Tuesday 12 May 2009

18th International World Wide Web Conference


The 18th International World Wide Web Conference (WWW 2009) was recently held in Madrid. This is the forum in which Larry and Sergey introduced the "Google" search engine back in 1998. Conferences like WWW are highly beneficial for all attendees, as they provide a forum for constructive interactions and discussions among the diverse, global community that is contributing so much to the advancement of the web. As one of the major sponsors this year, Google contributed significantly in various scientific and social forums. Here's a short report of those activities:
  • Google and the Prado Museum collaboration: In January 2009, we announced a collaboration between Google Earth and Spain’s Museo del Prado, which lets people zoom in on some of the gallery’s main portraits and view them in a resolution so fine -- up to 14,000 megapixels -- that even individual brush strokes and cracks in the varnish are clearly visible. The Prado Museum has become the first art gallery in the world to provide access to and navigation of its collection in Google Earth. The initiative includes 14 of the Prado’s most famous paintings -- works by Francisco de Goya, Diego Velázquez, Hieronymus Bosch, Peter Paul Rubens, and more. Such ultra-high resolution imaging, enabling users to virtually feel, see and be present with the original masterpieces, is just one way in which the web can make important contributions to the art community. To celebrate this, Google hosted an event at the Prado Museum, where guests received a guided tour of some of the main exhibits, and had the opportunity to network with fellow researchers, academics and engineers, as well as Google's own Vint Cerf.
  • Research Contributions: Google contributed to the WWW conference by authoring or co-authoring several papers and presentations.

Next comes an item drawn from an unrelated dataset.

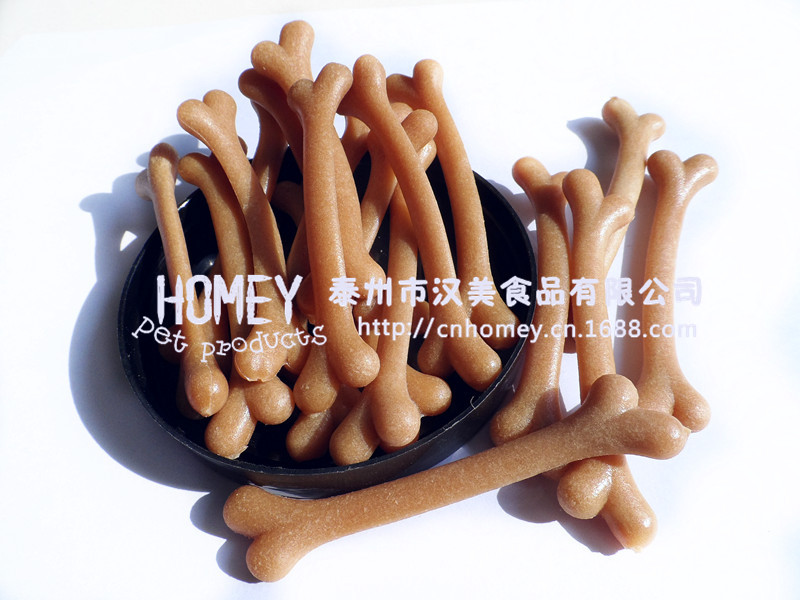 寵物鈣骨、潔齒骨零食 骨頭 .jpg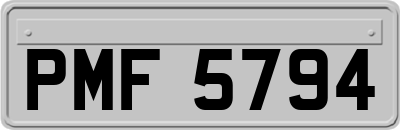 PMF5794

I gave a keynote speech on The Continuing Metamorphosis of the web (you can read more about that topic on the Google Research blog). Some other papers to highlight are:
-- Sitemaps: Above and Beyond the Crawl of Duty, Uri Schonfeld, N. Shivakumar
-- Estimating the ImpressionRank of Web Pages, Z. Bar-Yossef & M. Gurevich
-- Detecting The Origin Of Text Segments Efficiently, O. Abdel-Hamid, B. Behzadi, S. Christoph & M. Henzinger
-- What's Up CAPTCHA? A CAPTCHA Based On Image Orientation, R. Gossweiler, M. Kamvar & S. Baluja
-- Computer and iPhones and Mobile Phones, oh my! A logs-based comparison of search users on different devices, M. Kamvar, M. Keller, R. Patel, and Y. Xu
-- Collaborative Filterin for Orkut Communities: Discover of User Latent Behaviour, W. Chen, J. Chu, J. Luan, H. Bai, Y. Wang, and E. Chang.
-- Fast Dynamic Reranking in Large Graphs, P. Sarkar, A. Moore
-- WEB 2.0: Blind to an Accessible New World, J. Hailpern, L.Guarino-Reid, R. Boardman, S. Annam
-- How Opinions are Received by Online Communities: A Case Study on Amazon.com Helpfulness Votes, C. Danescu, G. Kossinets, J. Kleinberg, L. Lee
-- Bid Optimization for Broad Match Ad Auctions, E. E. Dar, Y. Mansour, V. Mirrokni, M. Muthukrishnan & U. Nadav
-- General Auction Mechanism for Search Advertising, G. Aggarwal, S. Muthukrishnan, D. Pal & M. Pal

  • Best Paper Award and the Internet Monetization Track: The WWW program committee changed the best paper and poster process this year. They first chose several nominated papers from different tracks, and after seeking feedback from conference attendees, they chose their best paper: Ashish Goel's and Kamesh Munagala's Hybrid Keyword Search Auctions. The authors of this paper propose a unified approach to an auction for cost-per-click and cost-per-impression settings, and show promising properties of their proposed auction. The paper was presented in the Internet Monetization Track at WWW — a new track which, despite its short term at WWW, became very popular this year. Other tracks like web search, data mining, and the social web have been active at WWW for years and already attract many high-quality research papers. The best poster award went to a paper co-authored by Google's Monika Henzinger about Purely URL-based Topic Classification.
Before closing, I want to return to the Prado Museum collaboration with Google Earth: Now that there is really high resolution imaging and the ability to distribute it to a vast audience, the benefits of combining art and technology are greatly increased. In another medium, witness the success of the Metropolitan Opera's high definition broadcasts that are bringing that art form to a much larger audience. Another place where Google recently helped fuse technology and the arts was with the YouTube Symphony Orchestra. In the case of fine art, our collaboration with the Prado museum enables much broader access to the masterpieces while also providing museum attendees with an unparalleled opportunity to study details of the works before and after a visit. For example, the intense detail in Bosch's Garden of Earthly Delights is difficult to comprehend in front of the large, heavily visited triptych, but seeing the painting in person after some previous study makes it far more exciting. So, it would seem that we can use technology in the art world to achieve benefits for all.